Who
says there's only one kind of occasion that merits the formal invitations, the
gorgeous dress, the carefully curated feast? Kate Bolick had celebrated plenty
of friends at their weddings. As a landmark birthday approached, she decided it
was time to throw an extravaganza of her own.
When he was 65, the celebrated New Yorker humorist James Thurber
quipped to an interviewer that if there were 15 months in every year he’d only
be 48. His math was a little off—he’d have been 52—but his point holds: “That’s
the trouble with us. We number everything,” Thurber said. “Take women, for
example. I think they deserve to have more than 12 years between the ages of 28
and 40.” I agree—there is no other chapter of my life that felt so fertile (no
pun intended) and distinct, and as it came to a close I rued the cruelty of its
expiration date.
My friend Alexandra felt the same way, so when we turned 38 (in the same
week of July) she suggested that instead of each facing the dreaded 4-0 alone,
we celebrate it together. I asked her to please not mention that number again
until we were at least 39. Thirty-seven had not gone the way I’d wanted, and I
already loved 38 for how it allowed me to cling to the vaguely nubile thirtysomething,
even if my father kept calling up to say, “How’s my middle-aged daughter
today?” and then erupting into loud guffaws.Thirty-eight turned out to be only so-so, but 39 started out pretty great, so by the time Alexandra and I began brainstorming ideas last year I was ready to openly acknowledge arriving at 40 instead of just slink across the threshold and hope nobody would notice. We both live in Brooklyn, but we have the sort of e-mail correspondence that’s its own alternate reality: There is actual life, and then there is everything we think and feel about it, which we zing back and forth in a ceaseless stream of uncensored, diaryesque messages, and I blame this lawless environment for how quickly our ambitions morphed from a dinner party at her place to a week on the coast of Massachusetts, culminating in a clambake by the sea.
“Think Martha Stewart goes Grey Gardens,” I told the prop stylist, because yes, we hired one. Tables were rented. A tent considered. A menu fastidiously planned. A save the date was sent to 40 (get it?) of our closest family and mutual friends. We started referring to the event as our Platonic Lesbian Birthday Wedding. Alexandra’s actual husband expressed frank concern that we were going overboard, but we were like those prank cake candles that reignite as soon as they’re blown out.

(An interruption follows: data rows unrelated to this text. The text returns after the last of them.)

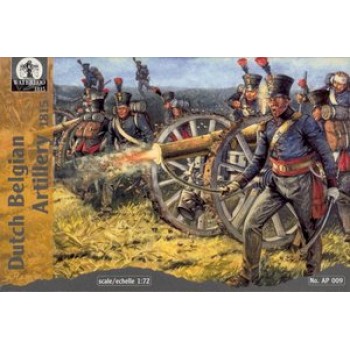 1/72 Waterloo 1815  Dutck Belgian Artillery AP 009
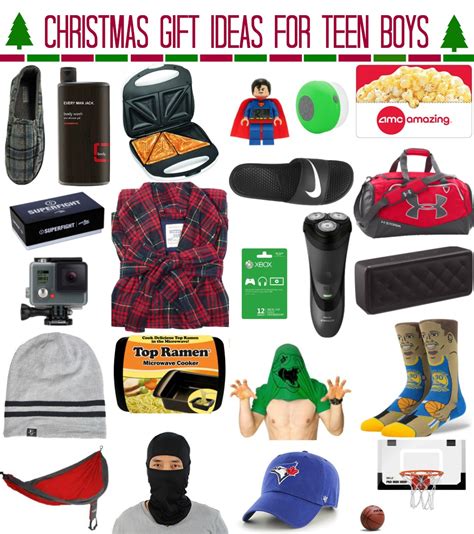 Christmas Gift Ideas for Teen Boys » whatever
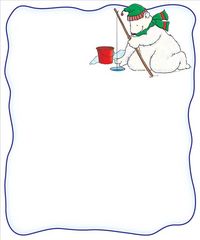 Produktbild: Polar Bear! Note Pad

For me, this party actually was a bit like a wedding—it was the first time I’d asked my family and friends to take considerable trouble to gather together on my behalf, not to mention spend their money to get there. (My friend Gary even stealthily conscripted everyone into writing 40-word toasts.) Initially I had to convince myself that making such a request was appropriate. It helped when my best friend, Erika, a new mother and college professor, did everything she could to rejuggle teaching and child care to fly out from New Mexico. I’d been her maid of honor, and the seriousness with which she took my invitation was her way of saying that my big event was just as legitimate as hers had been.
Admittedly, this in turn sparked a new concern—what if I did want a wedding someday? Would everyone be willing to make the effort all over again? Did I get points for sparing them the added expenditures of a bridal shower, bachelorette party, reception dinner, day-after brunch, and a gift, plus the bonus of knowing that, unlike nearly half of the weddings they go to, this celebration wouldn’t end in divorce? If there was one thing I could assure my guests, it was that I’d be around until I was dead.
So it’s only natural that for my big day I would totally freak out about The Dress. It would be a dress, of course, and not just any dress but my feelings about the event incarnate, which I could see in my mind’s eye with astonishing precision: a loose and breezy 1970s-esque floor-length tomato-red gown with a halter neck, a PG-13 version of a slinky nightgown I remembered my mother having when I was little. It would be casual enough for cracking open lobster shells and chasing my nieces on the lawn, while still exuding a bold-yet-understated singularity befitting a woman of 40.